CLLD – Cross-Linguistic Linked Data

Helping collect the world's language diversity heritage.

The Cross-Linguistic Linked Data project is developing and curating interoperable data publication structures using Linked Data principles as integration mechanism for distributed resources.

This philosophy allows for

  • small-scale efforts to publish individual databases like WALS (World Atlas of Language Structures) or WOLD (World Loanword Database), thereby preserving the brands established by these projects,
  • while at the same time facilitating a unified user experience across publications.

Within the project, this approach is applied to publishing lexical and grammatical databases already compiled at the MPI-EVA and elsewhere. This has led to a software framework which can be used to develop database journals, i.e. edited collections of databases submitted by linguists from around the world.

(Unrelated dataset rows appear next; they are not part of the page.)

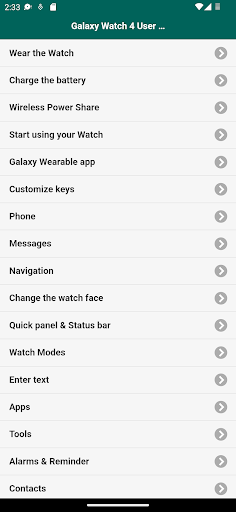 User guide for Galaxy Watch 4 Screen 2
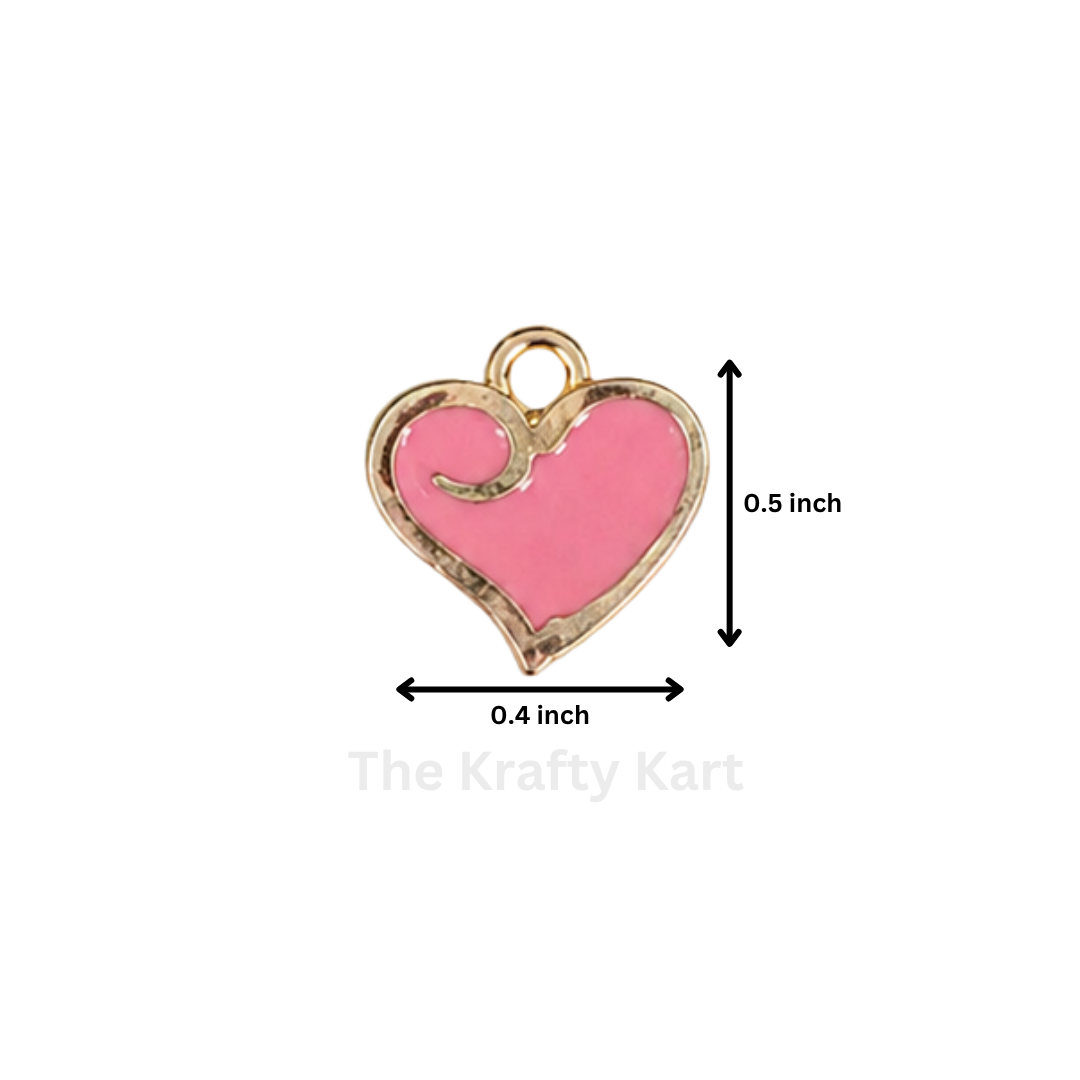 Anti-Tarnish Heart Charm Pendant (S)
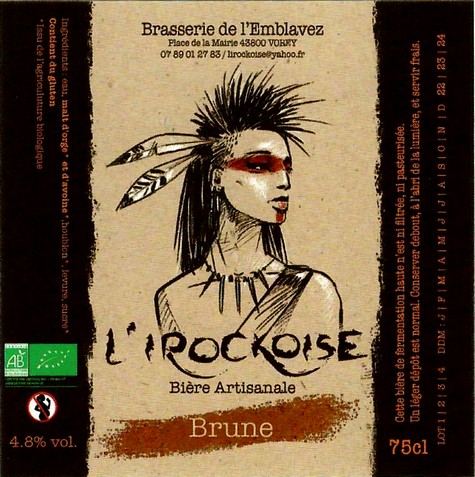 Etiquette BRASSERIE DE L'EMBLAVEZ 25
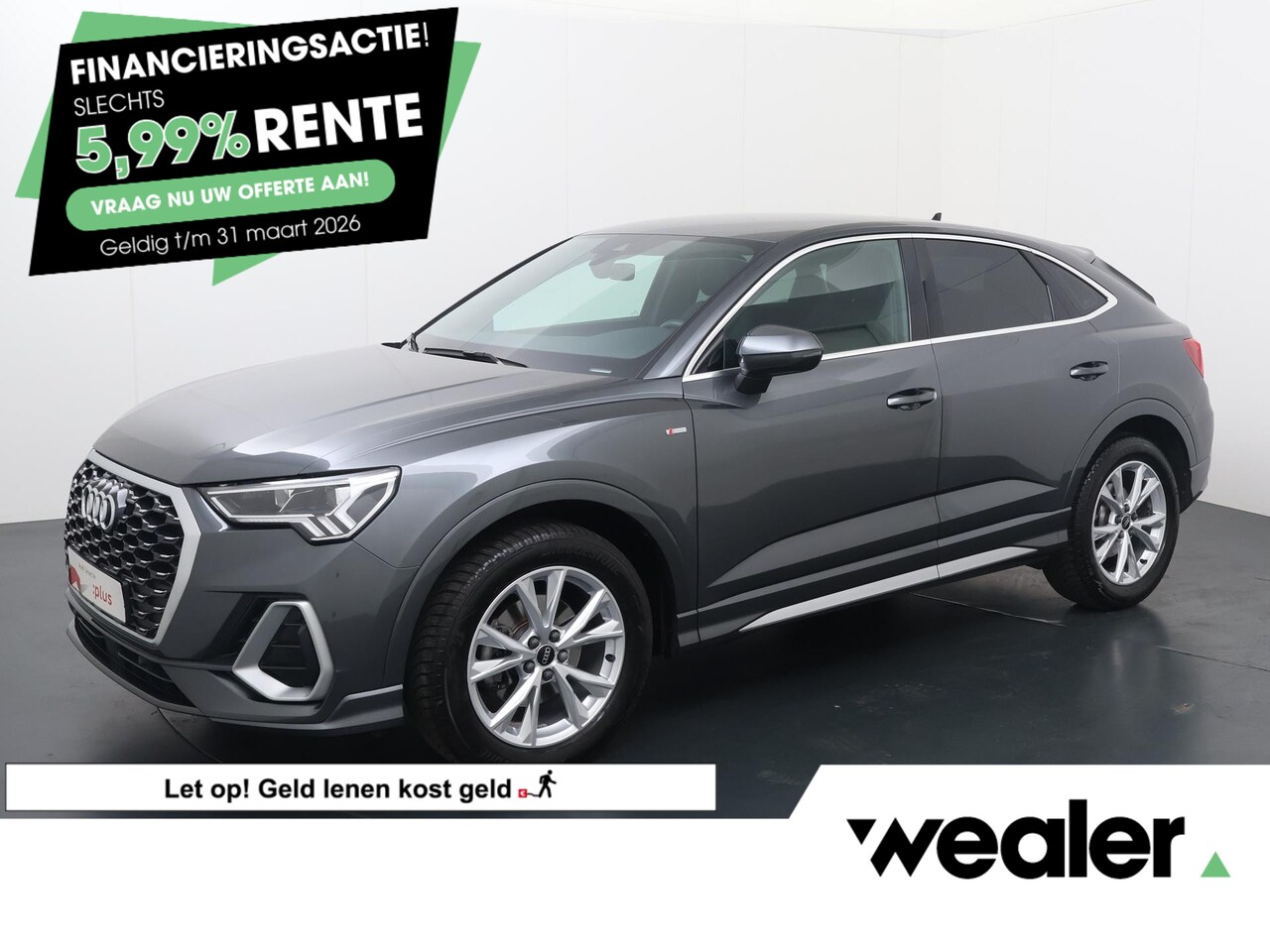 Audi Q3 Sportback - 35 TFSI S Edition | 150 PK | Automaat | Trekhaak | Achteruitrijcamera | S line | Navigatie - AutoWereld.nl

A list of databases implemented as clld applications and published on the CLLD platform is available following the Datasets link.

Dictionaria — a journal of dictionaries of less widely studied languages, edited by Martin Haspelmath & Barabara Stiebels — which runs on the clld framework has already published 10 dictionaries.

For the purposes of linking linguistic data uniquely to languages, language codes are needed for each language and each variety. For this reason, the CLLD project also comprises:

  • Glottolog (catalog of all languages, families and dialects, with comprehensive reference information), edited by Harald Hammarström, Martin Haspelmath & Robert Forkel


Arguably the most important outcome of the CLLD project was the specification of the CLDF standard. CLDF provides a standard and guidelines to store linguistic datasets as interrelated plain text files, facilitating

  • longterm archiving and FAIR access to such datasets via repositories like Zenodo,
  • a standardized submission format for journals such as Dictionaria,
  • simplified creation of clld applications from CLDF module-specific blueprints.

Using CLDF datasets as "input" for clld applications also solves one of the bigger problems of publishing data in a web application: How to handle multiple versions of the data? With CLDF, datasets can be versioned and multiple version can be published in a repository while the web application is relegated to a browsable interface of the latest published version.